____ Extracted material
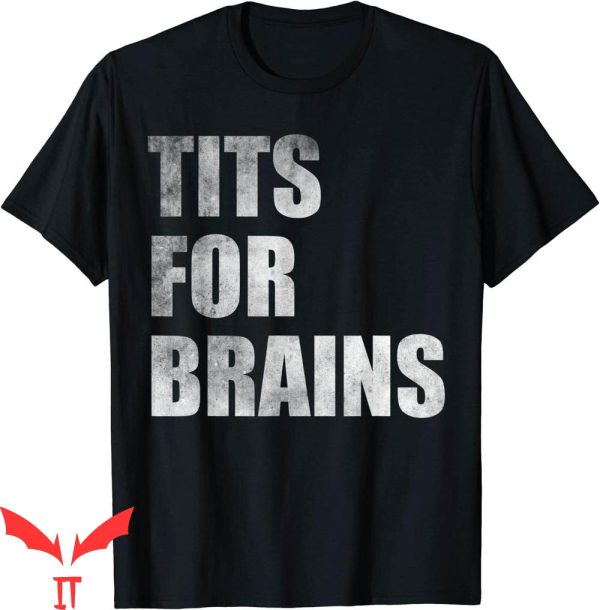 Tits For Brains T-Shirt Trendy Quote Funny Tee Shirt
________
____ Extracted material
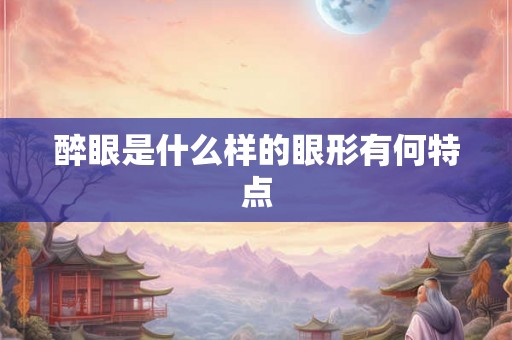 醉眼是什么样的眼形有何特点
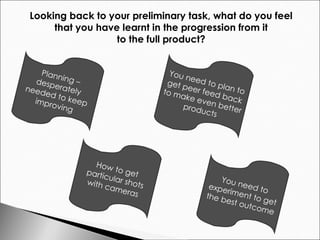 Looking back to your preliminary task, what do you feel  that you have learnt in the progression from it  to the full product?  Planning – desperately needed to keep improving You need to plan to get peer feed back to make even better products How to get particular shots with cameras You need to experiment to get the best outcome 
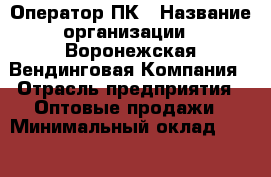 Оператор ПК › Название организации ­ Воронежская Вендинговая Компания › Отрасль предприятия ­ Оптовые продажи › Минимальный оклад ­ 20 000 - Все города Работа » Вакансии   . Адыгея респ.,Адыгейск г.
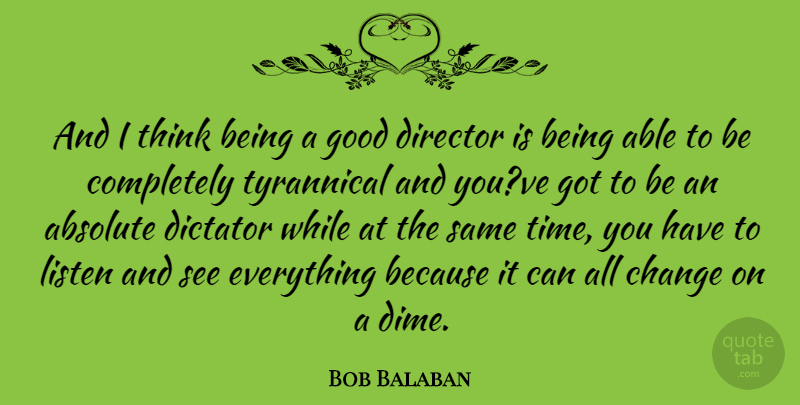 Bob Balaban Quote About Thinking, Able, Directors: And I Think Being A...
________
* **Exercise directions**
All pictures are to be skipped. Output, word for word, the lines in the data above starting at the line containing "醉眼是什么样的眼形有何特点" and ending at the line containing "Bob Balaban Quote".

* **Exercise output**
 醉眼是什么样的眼形有何特点
 Looking back to your preliminary task, what do you feel  that you have learnt in the progression from it  to the full product?  Planning – desperately needed to keep improving You need to plan to get peer feed back to make even better products How to get particular shots with cameras You need to experiment to get the best outcome 
 Оператор ПК › Название организации ­ Воронежская Вендинговая Компания › Отрасль предприятия ­ Оптовые продажи › Минимальный оклад ­ 20 000 - Все города Работа » Вакансии   . Адыгея респ.,Адыгейск г.
 Bob Balaban Quote About Thinking, Able, Directors: And I Think Being A...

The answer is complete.